I can reproduce this bug. I Have an external usb disk drive containing a fat32 partition and a ntfs partition. If I can help please let me know.

Revision history for this message
modred (bobanderson) wrote :

I have the same bug. It affects both a Fat32 partition on my internal SATA hard drive and a Fat32-formatted USB external hard drive.

Revision history for this message
Xavi Francisco (srxavi) wrote :

Same to me here, but I also noticed that the time taken to open the disk is proportional to the size. So a 1 Gb USB drive takes a few seconds (10 or so) and a 250Gb USB drive takes about 10 minutes to mount. Using HTOP I could also notice that the kernel process is using 100% of the CPU while I cannot access the drive. When it stops being at 100% I can start accessing the drive.
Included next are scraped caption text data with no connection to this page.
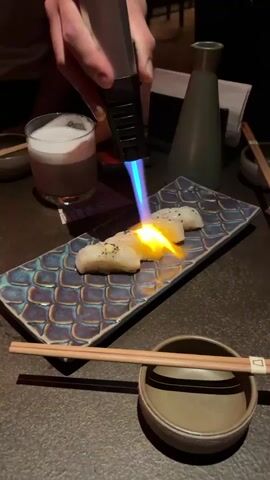 A person's hand is visible in the upper left corner of the frame, holding a culinary torch with a bright yellow and blue flame. The torch is being used to sear three pieces of what appears to be sushi or some other food item, arranged on a decorative, dark blue and grey plate with a textured pattern. The food pieces are lightly seasoned with black pepper. The plate is situated on a dark, textured surface, likely a table. In the background, to the left, is a glass with a foamy, amber-colored drink. To the right, a dark green, tapered bottle and a white napkin are visible. A pair of chopsticks rests horizontally above a small, dark bowl in the foreground. The lighting is dim, creating a moody ambiance.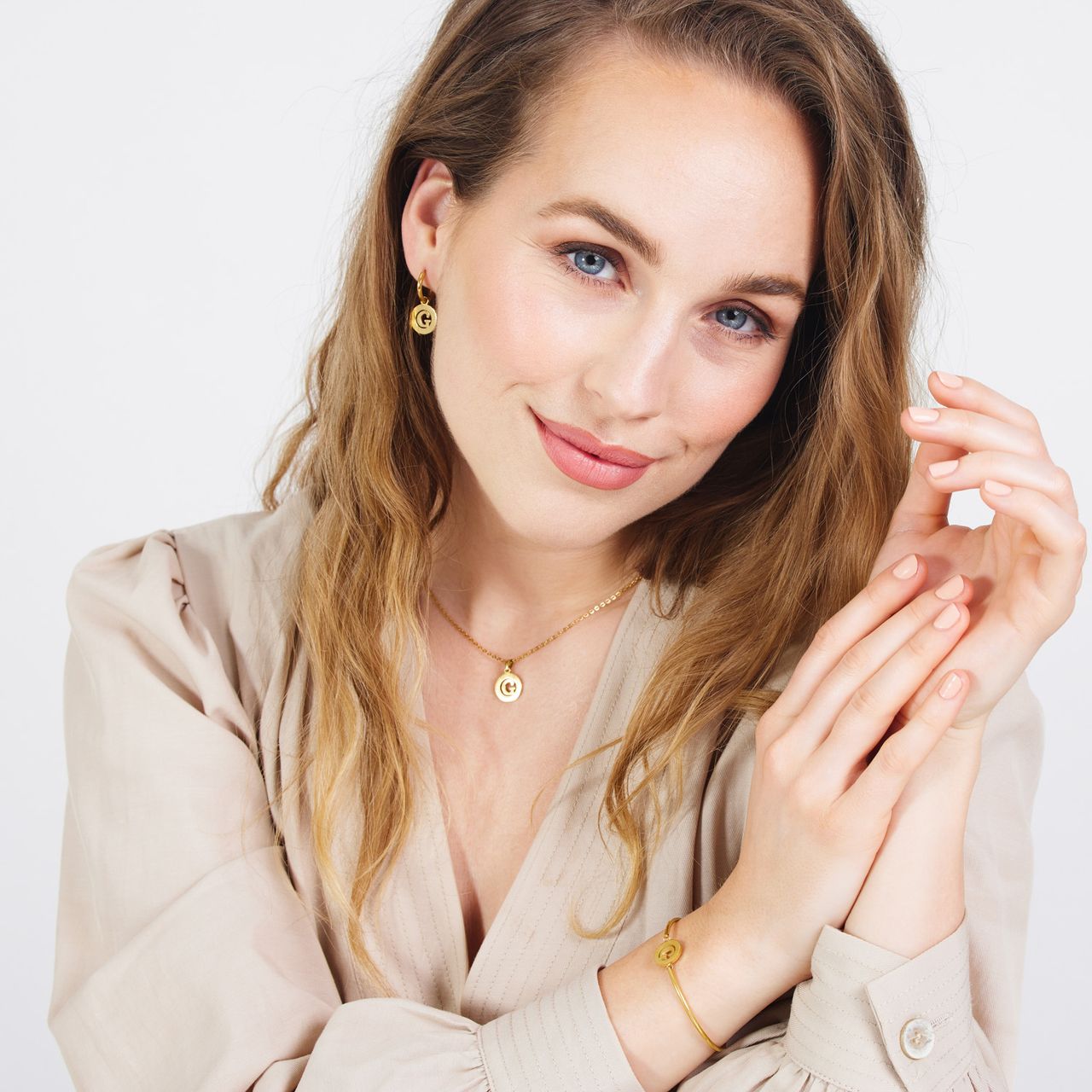 Stainless steel goldplated ketting met letterhanger G voor dames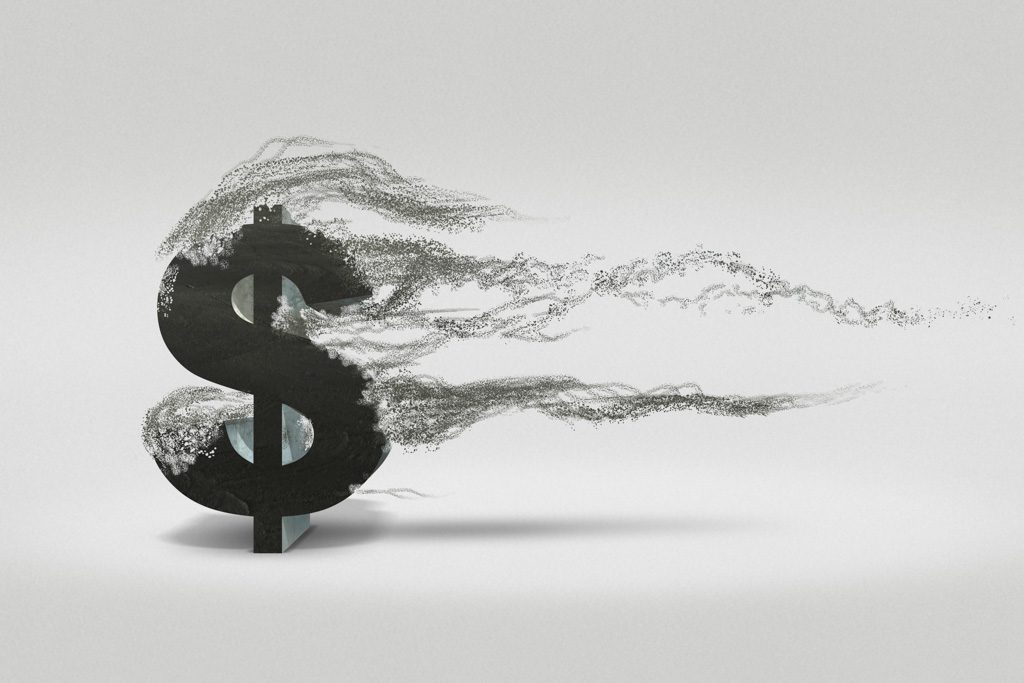 A graphic in which a black dollar sign is slowly crumbling to dust.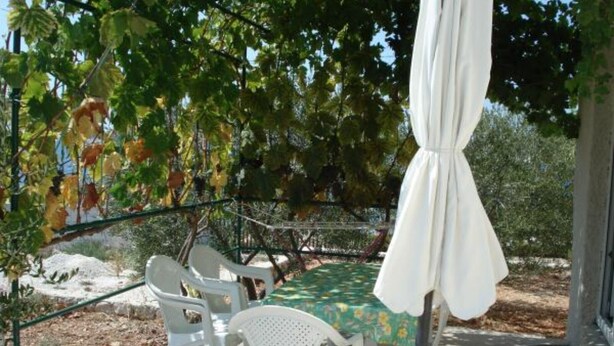 An outdoor seating area with white plastic chairs and a table covered with a green tablecloth. - Apartments Radacic - Two Bedroom Apartment With Terrace And Sea View (A1) (Sevid)
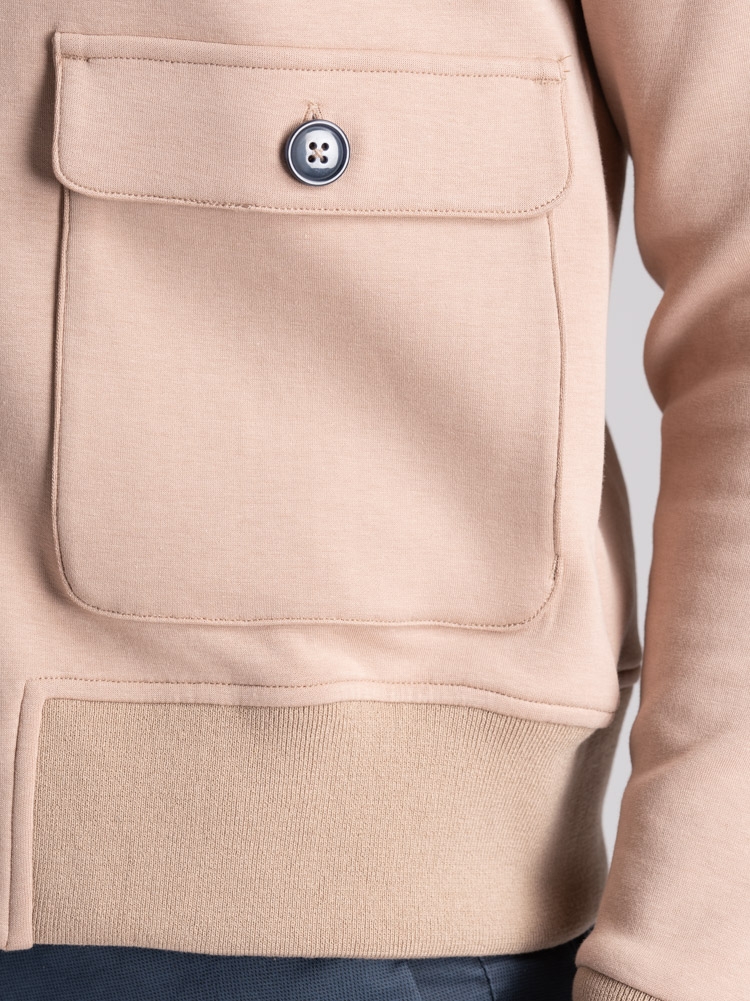 Cazadora bomber de punto para hombre con botonadura y bolsillos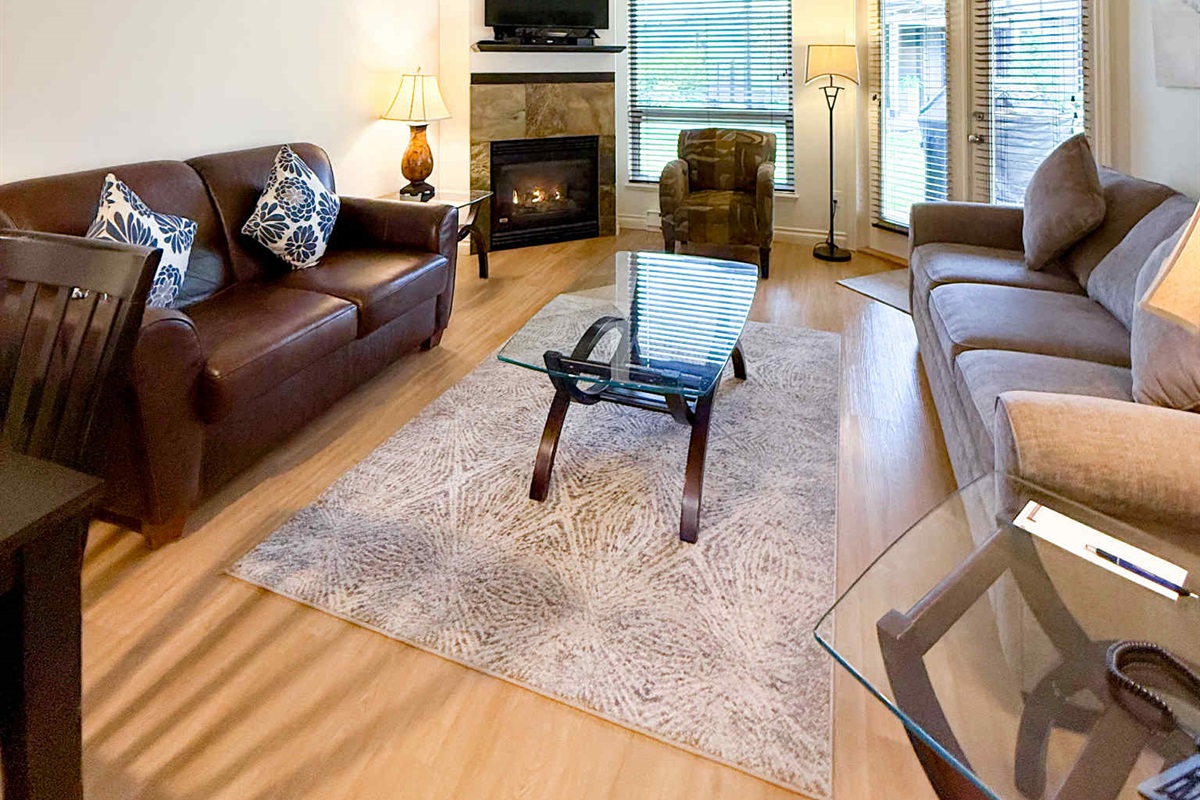 Unit A Living room area. Natural gas fireplace. Streaming TV. Double glass doors to private covered patio.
Revision history for this message
Sika (sikamikaniboots) wrote :

Same problem here with a partition on my main HDD. I think it might be related to the kernel.
I had feisty installed and I updated the kernel to the gutsy one (see http://ubuntuforums.org/showthread.php?t=511974) (because my wifi chipset wasn't supported in feisty). The problem only happened when I used the gutsy kernel. No problem with the feisty one, using the same nautilus version.
I thought this was due to some sort of incompatibility but now I've just completely upgraded to gutsy and the problem is still here.

I think (but not completely sure) that at startup, I had the same problem when fsck was trying to access this partition. I can check if it's still happening if it is important for you.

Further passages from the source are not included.